It seems melodramatic to say that I've survived one week without the love of my life--especially when other wives send their husbands to war with no promise of a return or even a phone call for months or years on end. Indeed, if at any point during Jeff's illness God had said to me, "Kelly, I will cure him. He will live forever in complete comfort and happiness, but in return, you have to promise to never see him or hear from him again" I would have quickly and without hesitation agreed to the bargain. The fact that Jeff is dead really doesn't change the terms all that much--I merely need to uphold my end of the deal. So, now I must wait for "forever" to come so that I can see him again.
The trouble is that forever can be a very long time.
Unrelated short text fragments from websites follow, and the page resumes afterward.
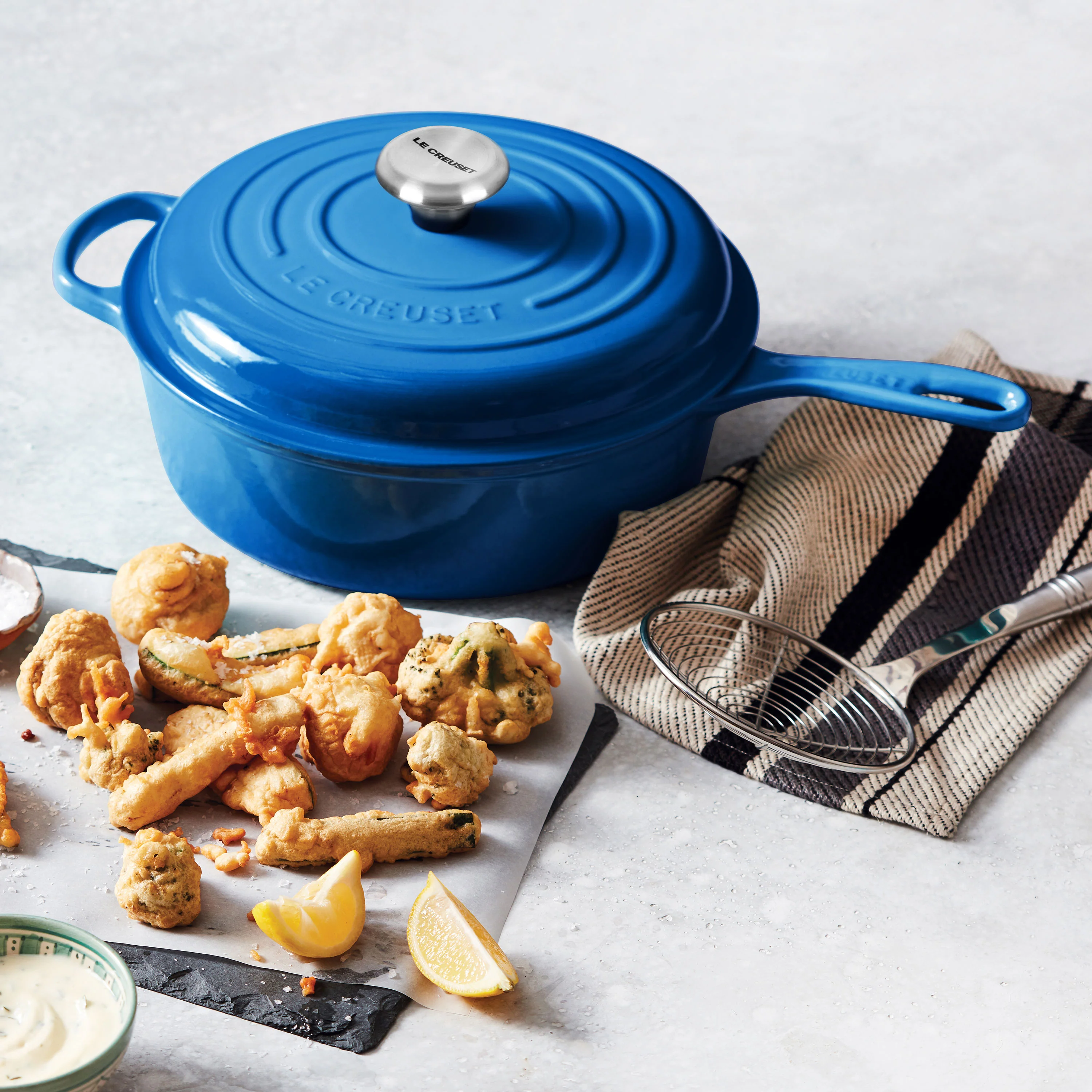 Le Creuset Signature Cast Iron 3.75-quart Marseille Cassadou - Image 4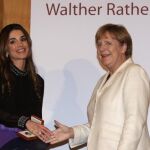 La Canciller alemana, Angela Merkel, felicita a la reina Rania de Jordania tras la condecoración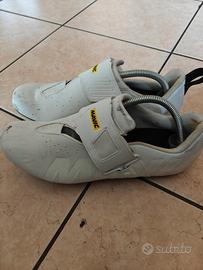 scarpe da triathlon marca Mavic 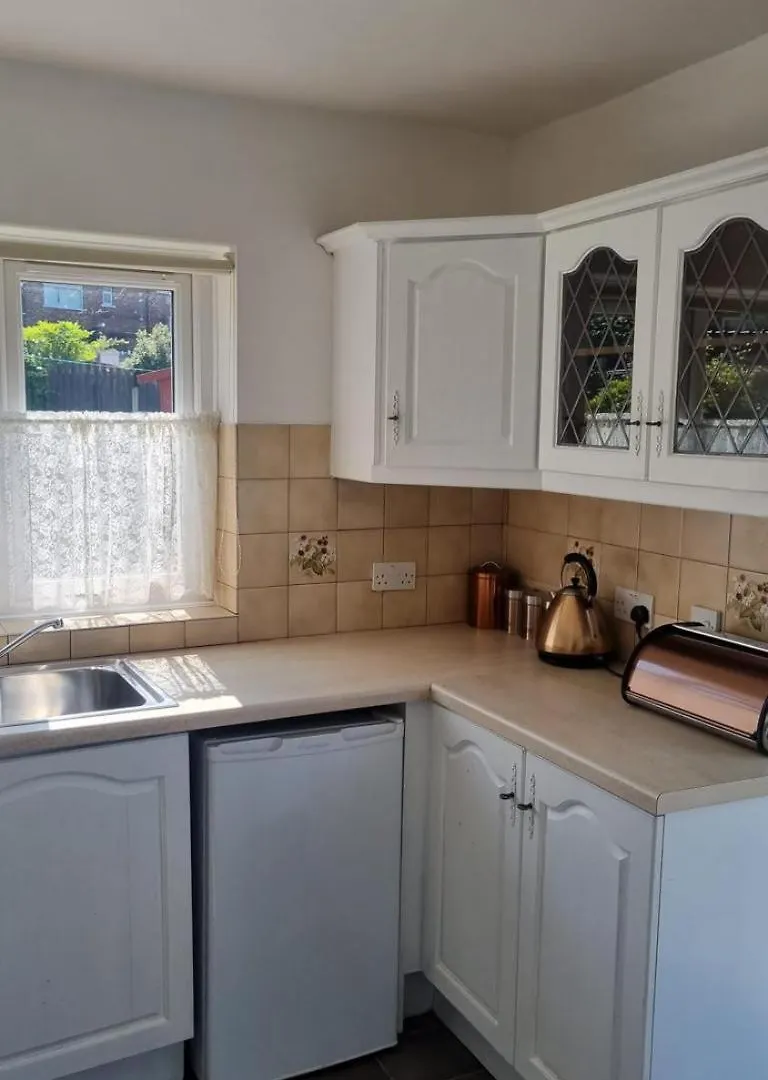 Villa Doncaster-House-Sleeps8-Parking-Garden Royaume-Uni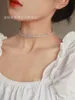 Chokers Designer Novo INS Diamante Incrustado Carta Giratória Luz Luxo e Simples Acessórios de Moda 0ina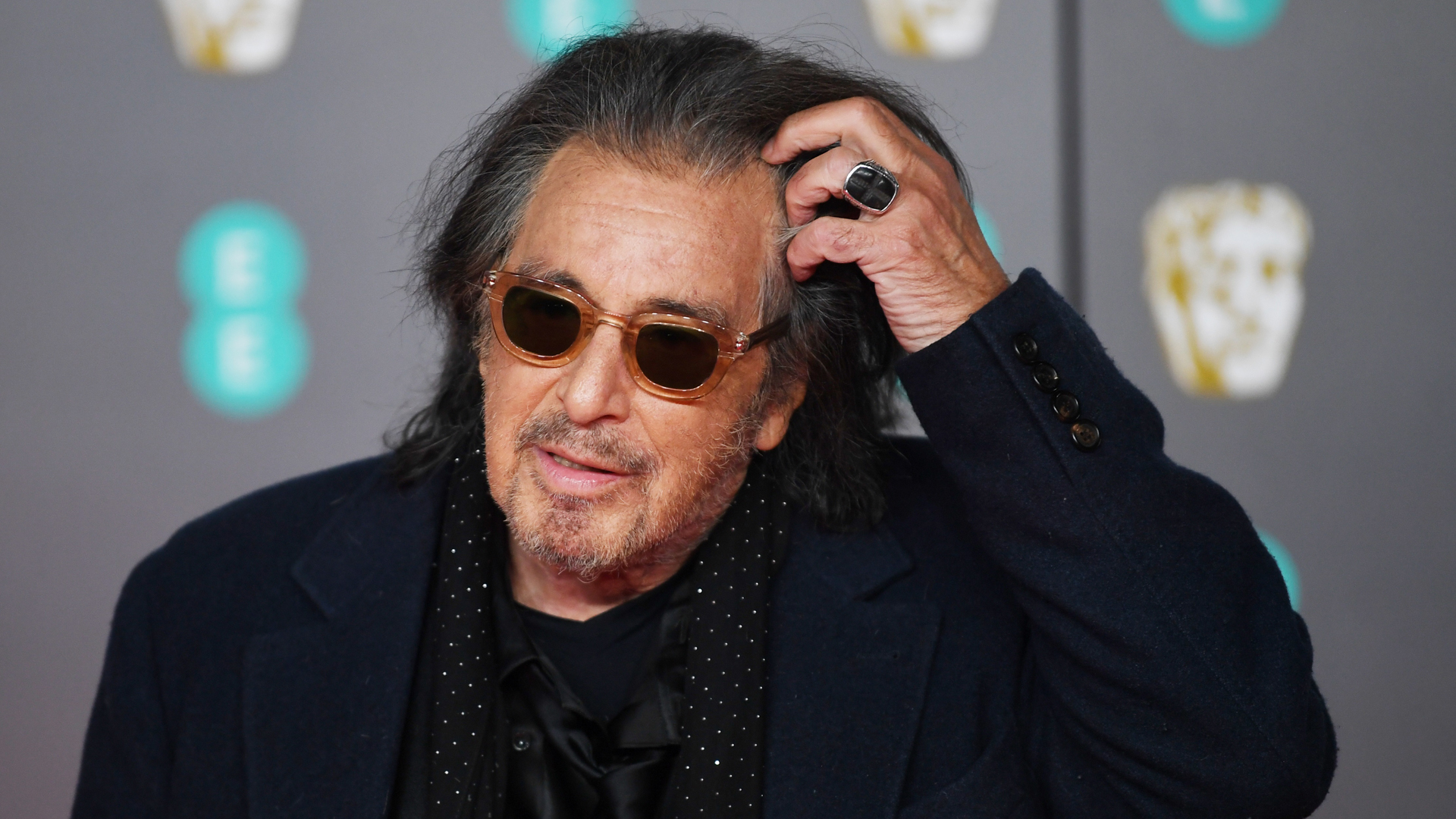Al Pacino se cae en alfombra roja de los premios Bafta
I used to never feel like I had enough time to do anything--I rushed from task to task and place to place under the constant pressure of too little time. Now, all I have is time. Now, there is nothing BUT time. For Jeff, "forever" was only 36 years, 4 months and 4 days. I think of all the times I prayed for a long healthy life and now I think, "be careful what you wish for--you just might get it." And of course, I want to live a long and healthy life--especially for my children--but I long to see Jeff's blue eyes again and to hear his voice and I worry that my memories of these things will either distort or diminish over time and that, eventually, I will only remember the Jeff that I created and not the one that was.
I know I will never forget Jeff. The kids will never forget him. And it's clear from the amazing turn-out at his visitation and funeral that others will remember him fondly and often. I know it sounds crazy, (I'm convinced that grief breeds insanity), but I would love a little reciprocation--just a little sign from Jeff that he remembers me too. I thought that death would bring more mystery and emotion. I thought that I would have a dream or hear a song or see a cardinal in the yard (Jeff loved watching them from our back porch) or some other glimmer of other-worldly communication unmistakeably intended for me. Instead, I am astounded by the nothingness of death. There are no signs. No sense of his presence. No shadows or flickers in the corner of my eye. There is, quite simply, nothing.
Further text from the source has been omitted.